Enhance allow_failure to capture failure reasons
Release notes
Allow_failure keyword will prevent a failed job to fail an entire pipeline, previously allow_failure accepts only binary value (true or false), in this release, we enhanced the allow_failure keyword to accept different exit code of a job, this will allow you to have better control on when to prevent the pipeline to fail base on the job exits codes.
Problem to solve
We've had an internal meeting about how to proceed on #16733 (closed) and we feel like the issue is too broad and both of the proposals mentioned in there are complex and will affect the simplicity/reliability of the whole system. We should keep how we mark a build as failed or successful as simple as possible and if we can make it even more simple and even more reliable. But we should not change it in a way that it makes it more brittle and error prone.

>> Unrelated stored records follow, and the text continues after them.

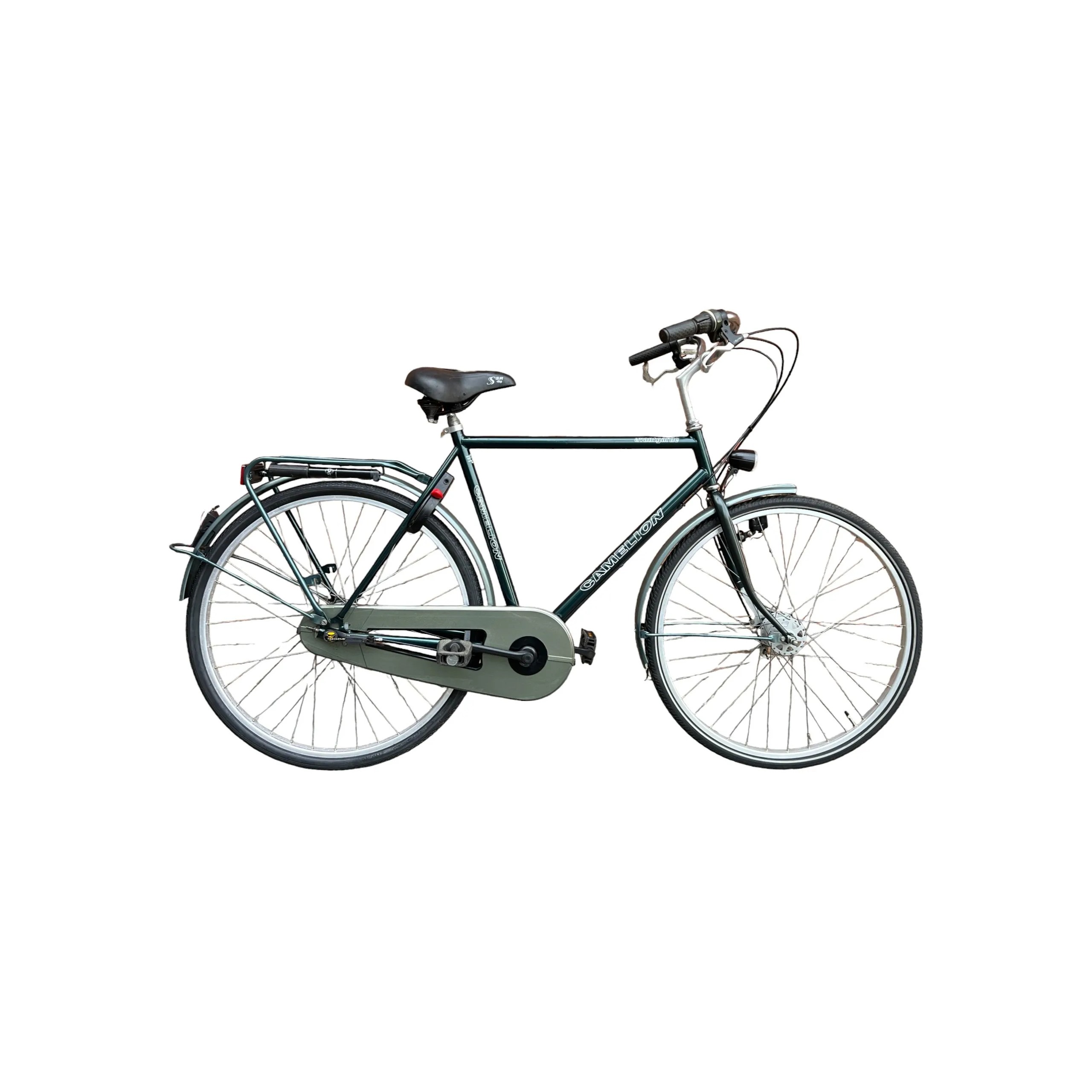 Camelion Avantgarde 28" rower holenderski, 3 biegi Sachs
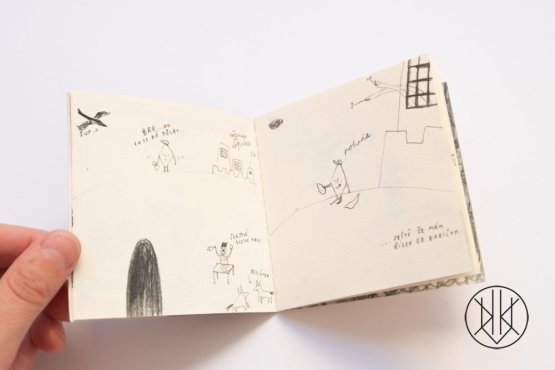 Pičus' most beautiful Brno photo album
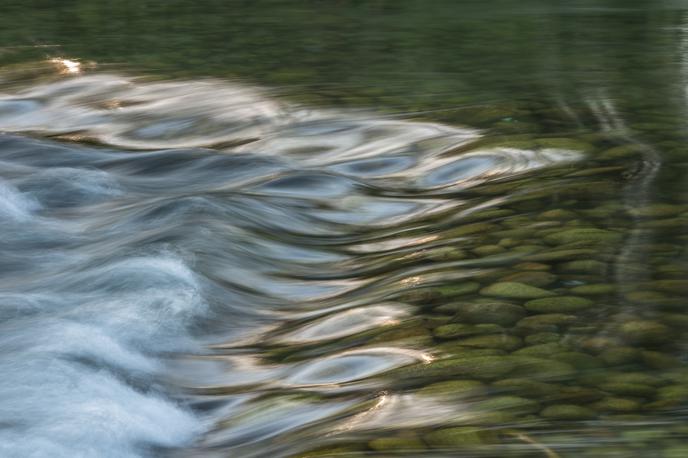 Reka splošna | Foto Getty Images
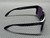 OAKLEY OO9509 06 Matte Black Prizm Violet Men's 53 mm Sunglasses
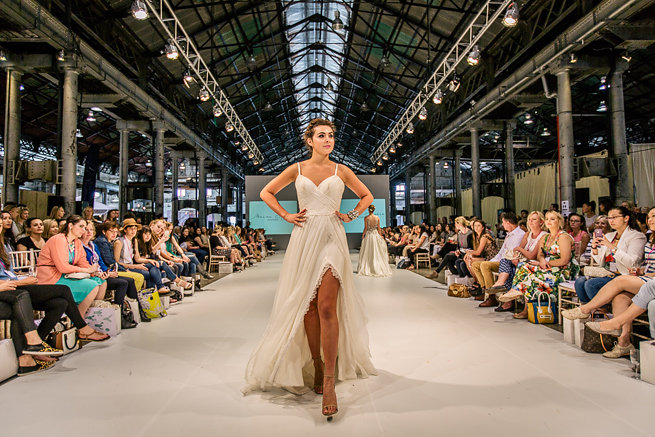 Moira Hughes Mia Gown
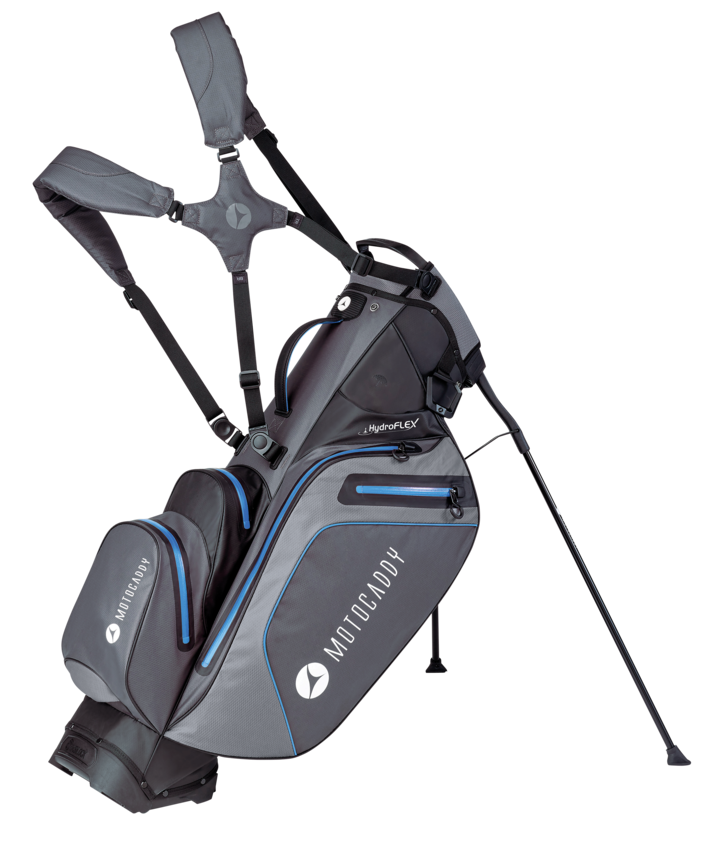 2021 HYDROFLEX STAND BAG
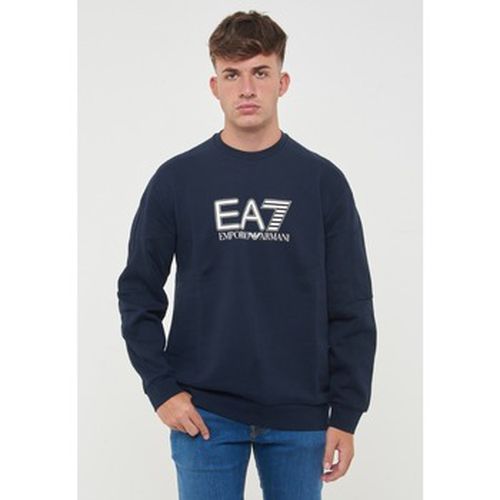 Sweat-shirt 6DPM01PJVTZ - Emporio Armani EA7 - Modalova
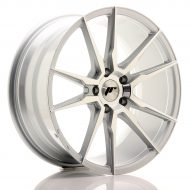 Vanne Japan Racing JR21 19x8,5 5x120 35 Silver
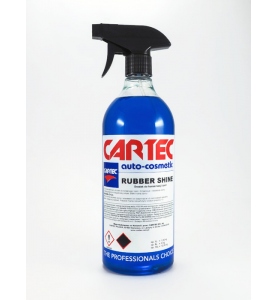 CARTEC Rubber Shine (środek do pielęgnacji opon i...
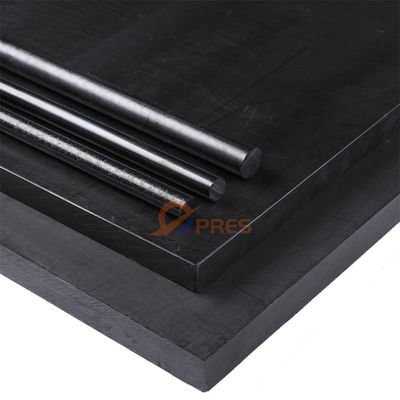 comprare Ingegneria resistente alle alte temperature Plastica PEEK Bar Bar Vetro Riempito Estrusione continua online manufacture
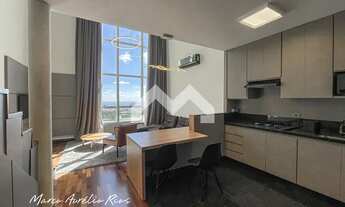 Imagem 3: LINDO Apartamento 76 m² 1 Suíte 2 Vagas no Belvedere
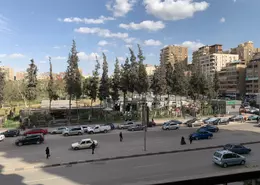 Apartment - 3 Bedrooms - 3 Bathrooms for rent in Makram Ebeid St. - Rehab City Forth Phase - Al Rehab - New Cairo City - Cairo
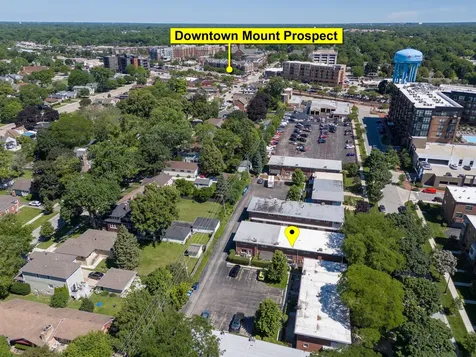 336 South Maple Street Mount Prospect IL 60056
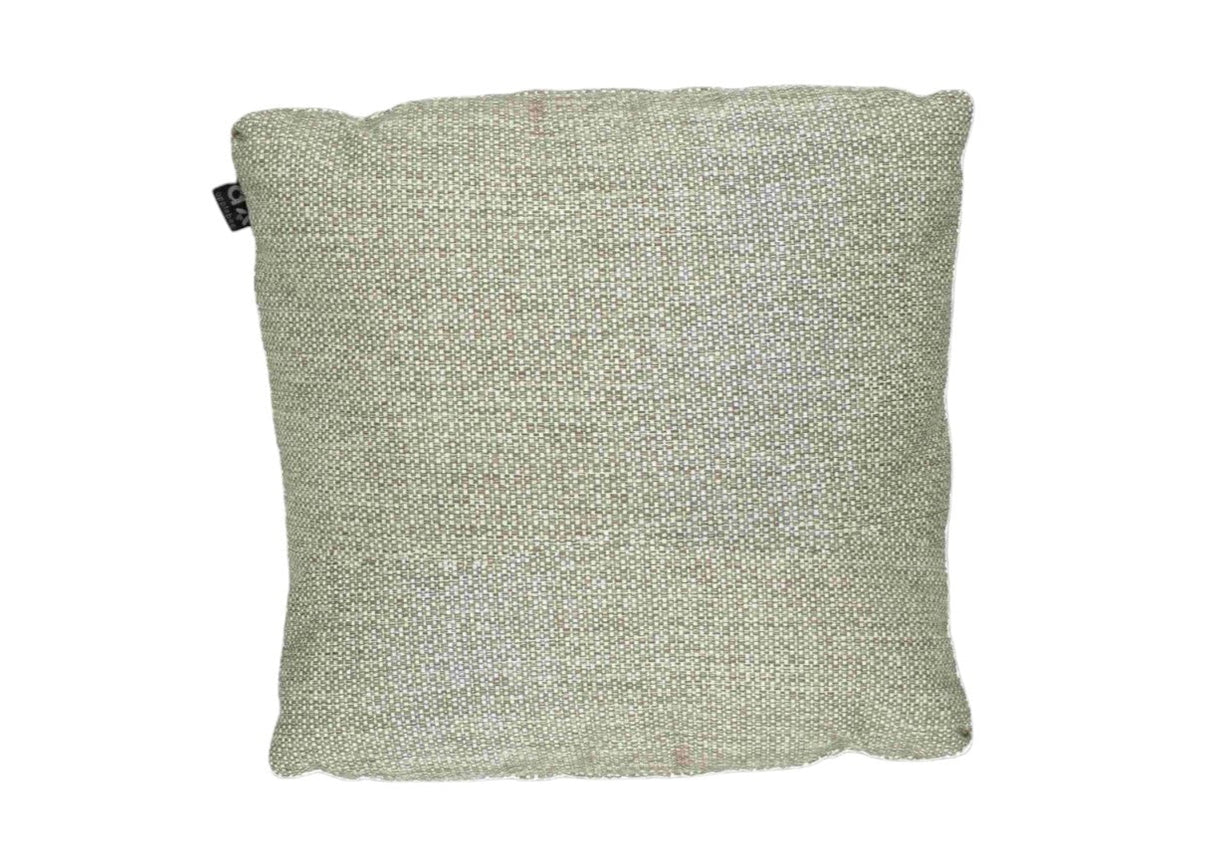 Apple bee sierkussen Natural Oak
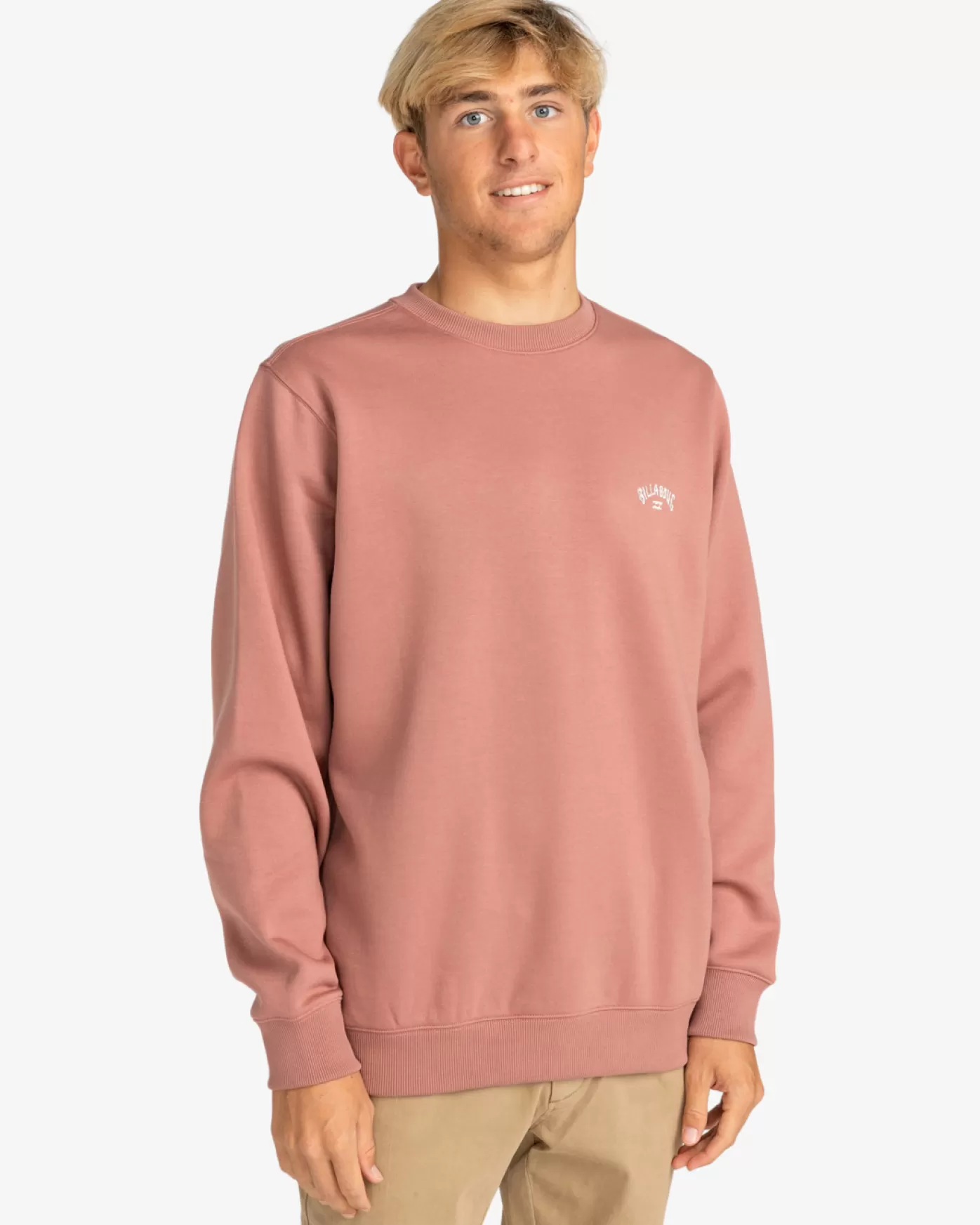 Arch - Sweatshirt para Homem-Billabong Cheap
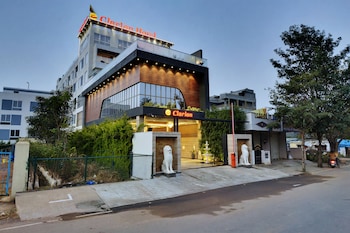 clarion hotel bangalore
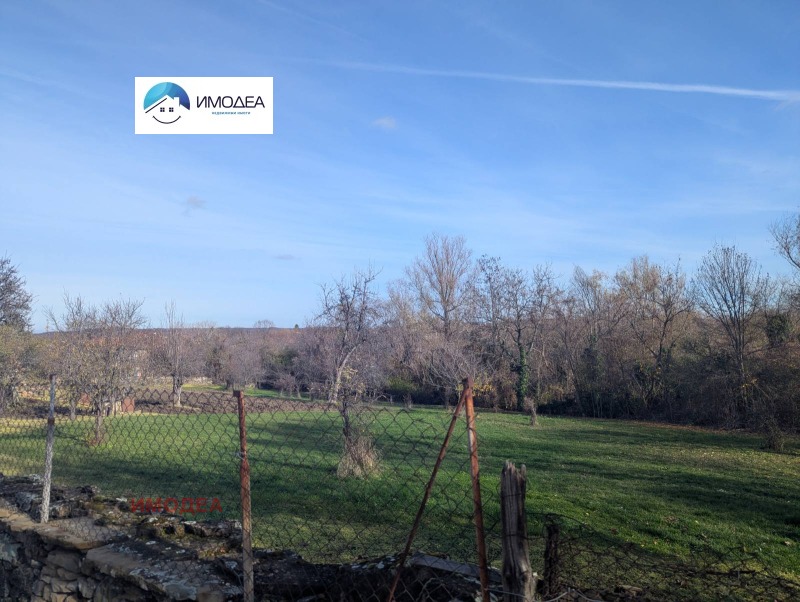 Продава ПАРЦЕЛ, с. Буря, област Габрово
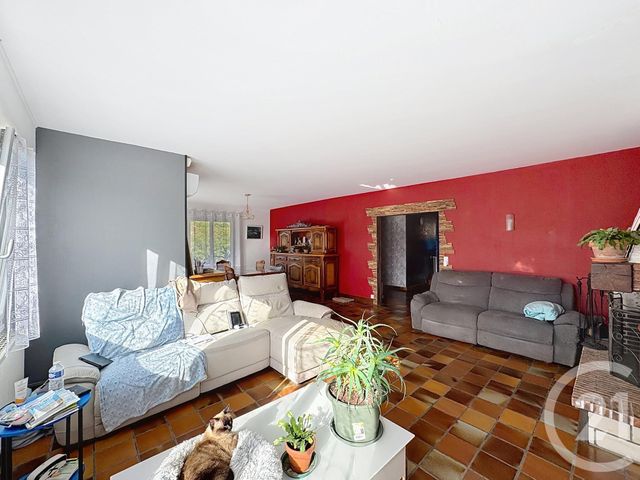 Maison à vendre - 6 pièces - 196 m2 - Neung Sur Beuvron - 41 - CENTRE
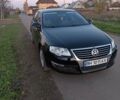 Черный Фольксваген Пассат, объемом двигателя 1.9 л и пробегом 215 тыс. км за 7800 $, фото 2 на Automoto.ua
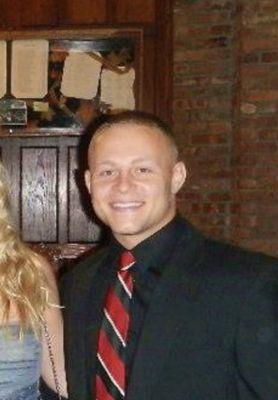Photo of Fred R.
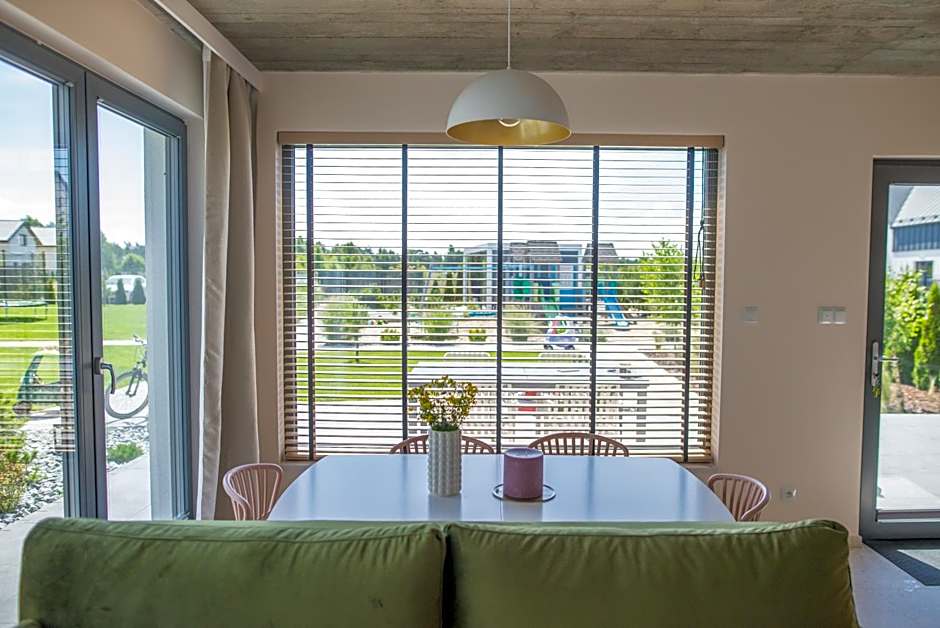 BalticTime - Domki&Spa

The overall conclusion was to start with something simple that augments allow_failure
to accept a list of exit codes for which the job will be marked as passed with warnings
. Extra functionality can be built on top of this, like updating retry
to use those reasons for its when
policy.
Recording: https://www.youtube.com/watch?v=DiicryT-W9M
Intended users
User experience goal
Proposal
Implement exit_codes: integer or array
for allow_failure:
:
test_job:
script:
- execute_script_that_will_fail
# if the script exit code is 137 or 255 the job will allow to be failed and the pipeline will continue to run
allow_failure:
exit_codes: # User defined exit code
- 137
- 255
test_job:
script:
- execute_script_that_will_fail
allow_failure:
exit_codes: 137
- Change the API to accept the exit code from the Runner
- Change the Runner to send the exit code back to Rails
- Implement YAML syntax changes
- Use the exit code to flag the job as allowed to fail.